= Brian Young (magistrate) =

Pitcairn Islands magistrate and child rapist (born 1954)

Brian Michael John Young (born 10 September 1954) served as Magistrate of the British Overseas Territory of the Pitcairn Islands from December 1984 until 1 January 1991. In 2007, Young was found guilty of rape and indecent assault, and was sentenced to six years and six months in prison.

==Career==
Young served as a Magistrate on the Pitcairn Islands and was made Council Representative to the School Maintenance Committee in 1994. He later moved to New Zealand.

==Trial==

During a special sitting of the Pitcairn Supreme Court in New Zealand, Young was found guilty of child sex offences during his time on the Pitcairn Islands in January 2007. Two years earlier, the 2004 Pitcairn Islands sexual assault trial had resulted in six men being found guilty on 35 charges of similar crimes.

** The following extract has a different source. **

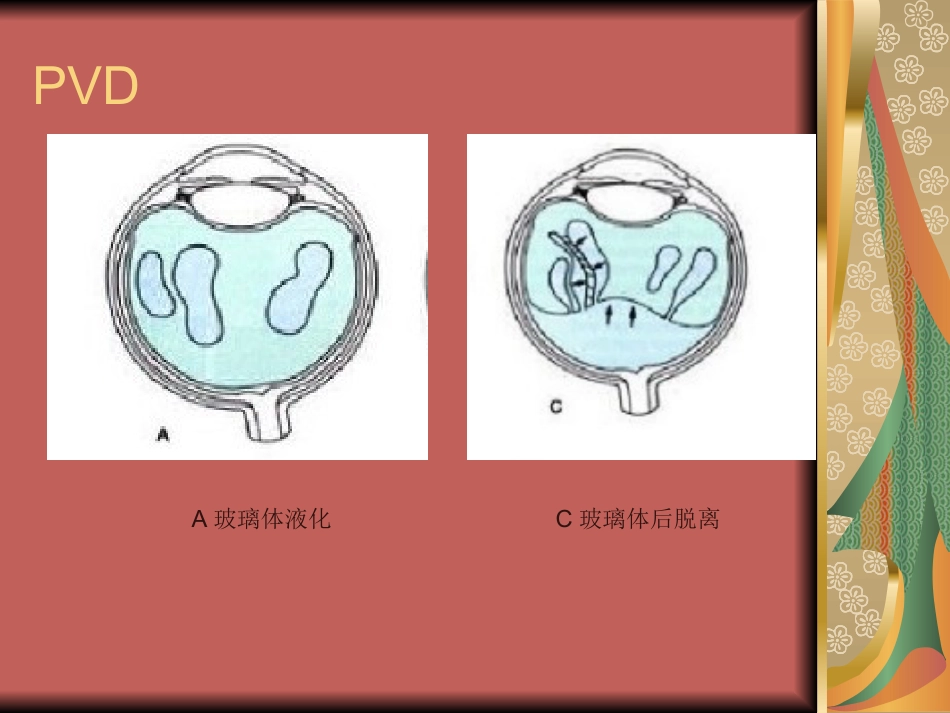 玻璃体疾病(1)_第15页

A third of the men on the island were charged during the trial and the result was said to have shocked the islanders according to the New Zealand Herald. Young was tried alongside Shawn Christian, a descendant of Bounty mutineer Fletcher Christian and a future mayor of the Pitcairn Islands. After the trial, Young was extradited to the Pitcairn Islands to be sentenced. In March 2007, Young was sentenced to six and a half years in jail by Chief Justice Charles Blackie of the Pitcairn Supreme Court.